**Work instructions**
Restate word for word the lines from the one bearing "Precio pastillas paxil" through the end of the entries below, and leave every picture out.

**Data under study**
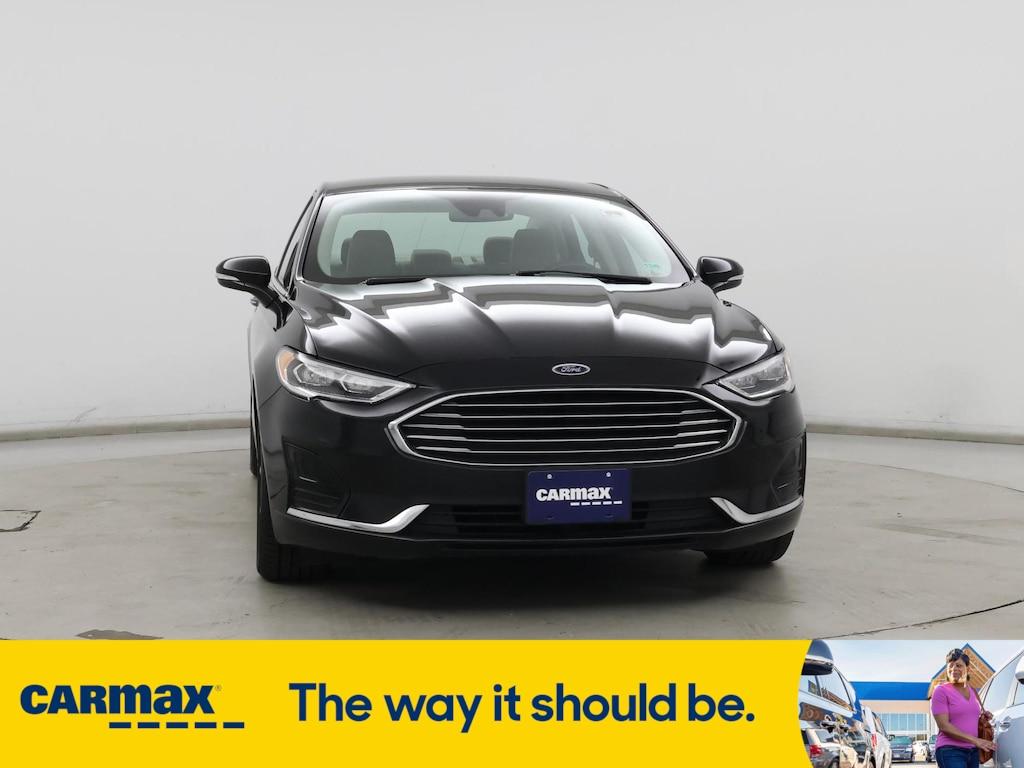 used 2020 Ford Fusion Hybrid car, priced at $19,998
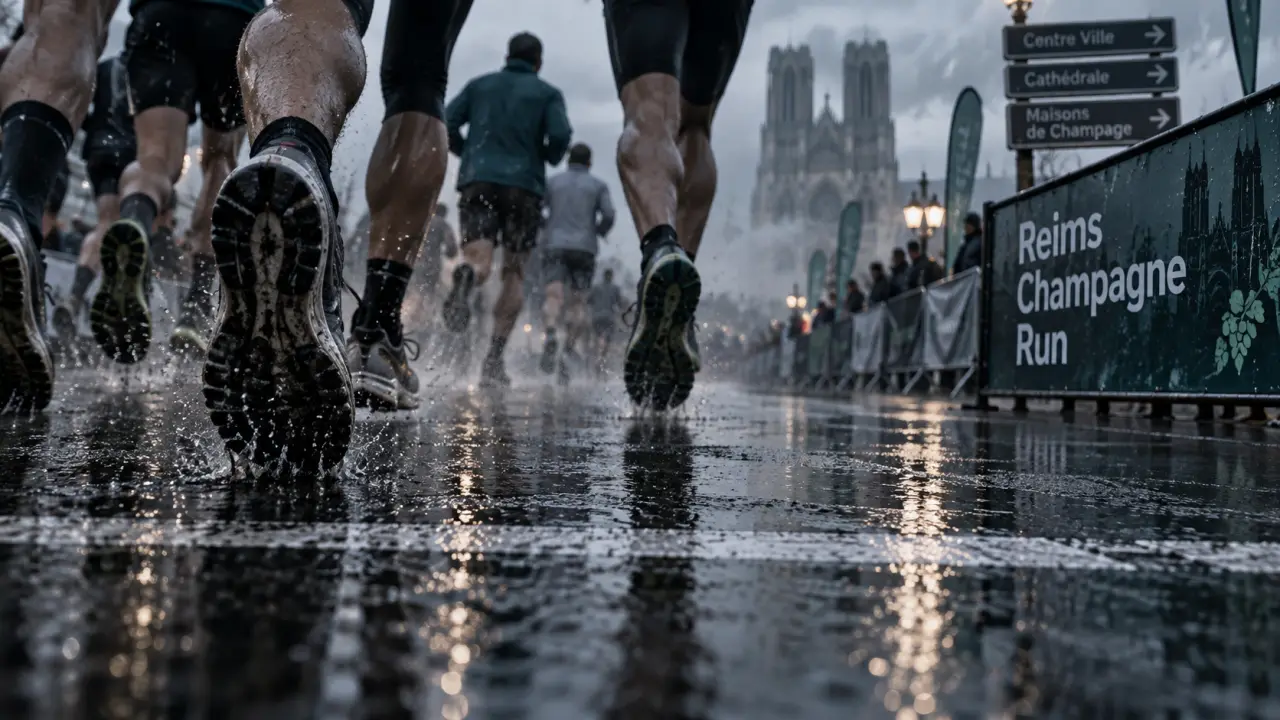 Reims Champagne Run : pluie samedi, fraîcheur dimanche pour les coureurs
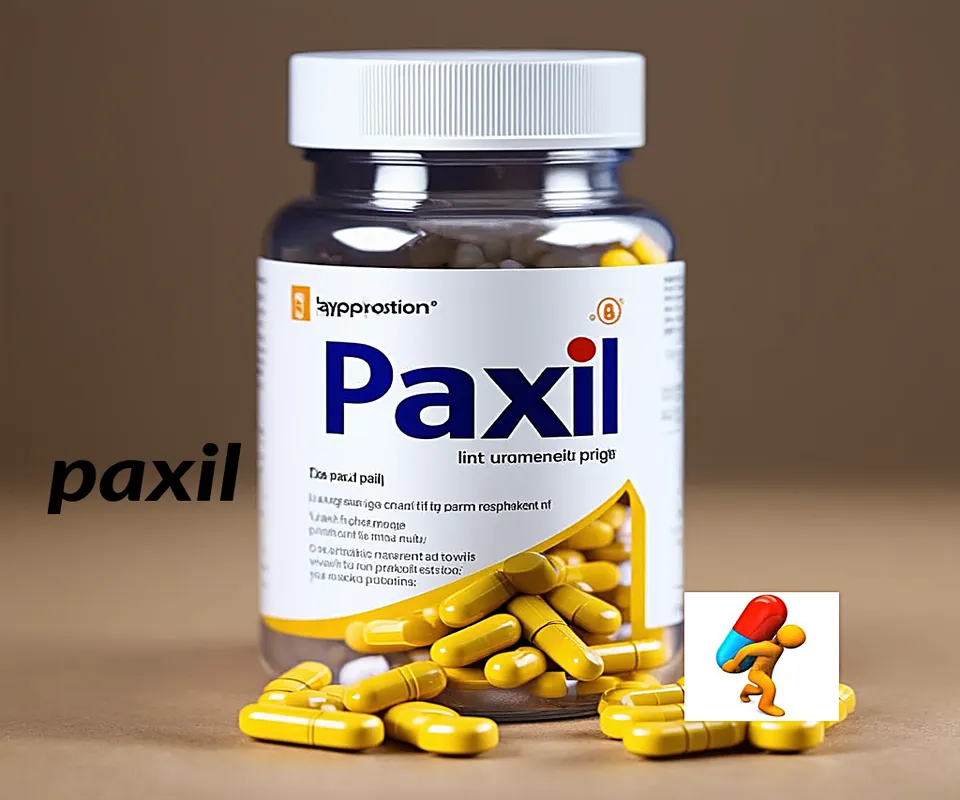 Precio pastillas paxil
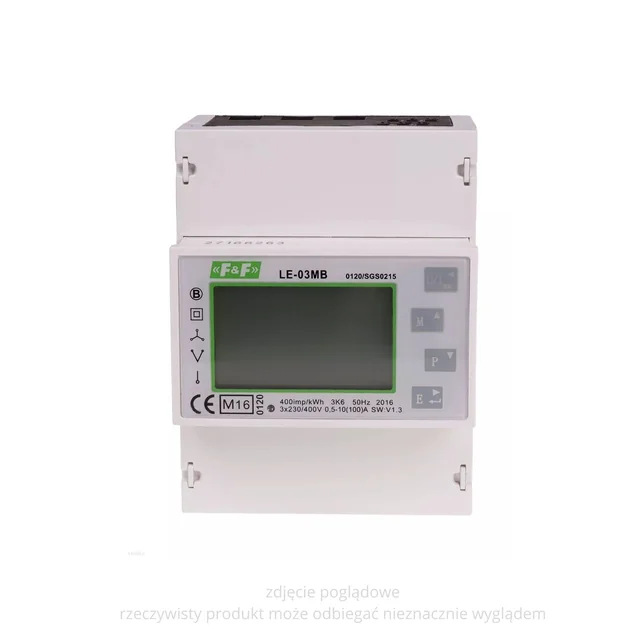 electricity meter le-03 mb three-phase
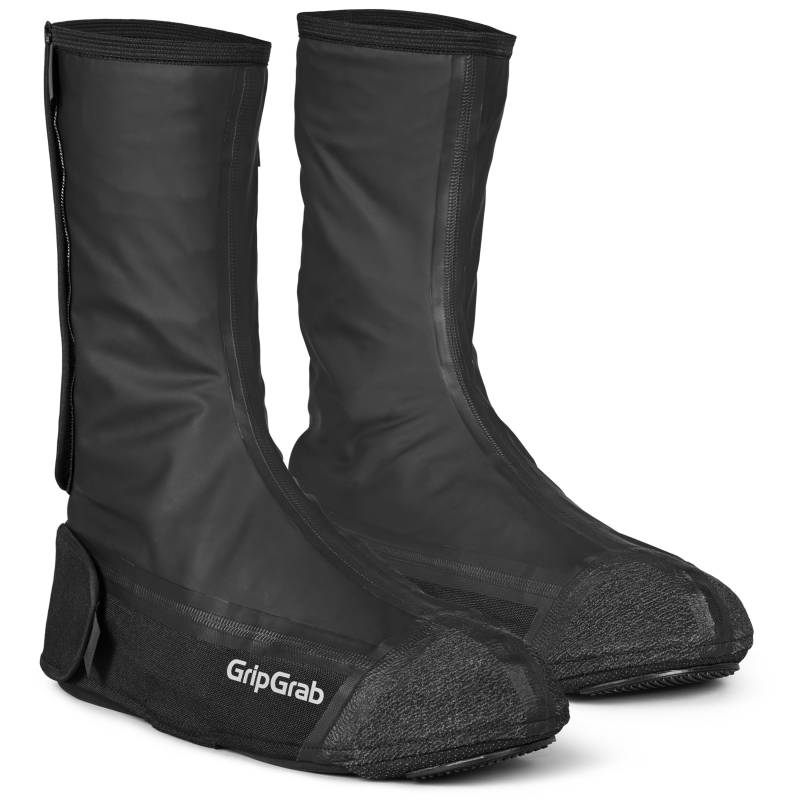 Gripgrab Trailblazer Flat Pedal Skoovertræk - Black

**Response area**
 Precio pastillas paxil
 electricity meter le-03 mb three-phase
 Gripgrab Trailblazer Flat Pedal Skoovertræk - Black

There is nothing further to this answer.